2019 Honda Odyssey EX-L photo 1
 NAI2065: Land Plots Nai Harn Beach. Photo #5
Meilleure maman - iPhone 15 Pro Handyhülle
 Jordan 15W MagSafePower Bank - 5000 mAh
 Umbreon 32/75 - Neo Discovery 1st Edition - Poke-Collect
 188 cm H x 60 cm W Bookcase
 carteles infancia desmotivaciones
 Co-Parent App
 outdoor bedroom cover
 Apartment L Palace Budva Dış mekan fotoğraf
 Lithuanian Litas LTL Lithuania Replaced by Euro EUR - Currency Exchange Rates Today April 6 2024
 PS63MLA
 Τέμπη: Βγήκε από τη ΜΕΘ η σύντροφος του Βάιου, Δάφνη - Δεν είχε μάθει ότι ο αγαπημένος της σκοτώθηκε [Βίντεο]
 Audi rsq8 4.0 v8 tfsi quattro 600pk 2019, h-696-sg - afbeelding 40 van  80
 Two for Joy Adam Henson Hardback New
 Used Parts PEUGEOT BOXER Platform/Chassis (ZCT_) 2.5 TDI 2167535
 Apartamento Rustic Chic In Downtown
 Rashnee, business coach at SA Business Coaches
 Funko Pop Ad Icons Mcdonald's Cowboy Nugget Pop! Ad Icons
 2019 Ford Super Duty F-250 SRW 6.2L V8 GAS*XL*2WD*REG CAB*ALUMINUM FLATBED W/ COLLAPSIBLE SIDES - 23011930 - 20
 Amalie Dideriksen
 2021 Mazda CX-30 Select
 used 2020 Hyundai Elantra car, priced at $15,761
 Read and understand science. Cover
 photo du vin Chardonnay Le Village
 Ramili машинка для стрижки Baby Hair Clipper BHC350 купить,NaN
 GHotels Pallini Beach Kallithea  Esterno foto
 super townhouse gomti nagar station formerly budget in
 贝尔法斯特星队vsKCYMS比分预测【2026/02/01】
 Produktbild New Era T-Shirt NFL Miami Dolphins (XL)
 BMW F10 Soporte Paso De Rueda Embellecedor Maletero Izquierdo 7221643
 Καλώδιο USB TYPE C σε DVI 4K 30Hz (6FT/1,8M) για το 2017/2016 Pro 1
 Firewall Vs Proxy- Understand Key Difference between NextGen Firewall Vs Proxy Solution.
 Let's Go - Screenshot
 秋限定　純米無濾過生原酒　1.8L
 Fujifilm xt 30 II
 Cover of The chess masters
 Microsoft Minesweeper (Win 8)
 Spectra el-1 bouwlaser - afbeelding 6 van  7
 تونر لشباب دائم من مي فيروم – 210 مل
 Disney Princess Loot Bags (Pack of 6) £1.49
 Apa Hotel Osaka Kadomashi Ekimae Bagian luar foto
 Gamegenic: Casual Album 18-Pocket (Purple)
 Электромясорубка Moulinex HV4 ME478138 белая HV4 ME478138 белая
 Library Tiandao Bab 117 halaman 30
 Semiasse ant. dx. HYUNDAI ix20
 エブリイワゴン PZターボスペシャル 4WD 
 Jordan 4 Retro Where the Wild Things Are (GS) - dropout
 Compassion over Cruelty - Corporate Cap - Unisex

- What this task involves
Only lines holding "Jordan" are wanted; copy all of them from the listing.

- Output of the task
 Jordan 15W MagSafePower Bank - 5000 mAh
 Jordan 4 Retro Where the Wild Things Are (GS) - dropout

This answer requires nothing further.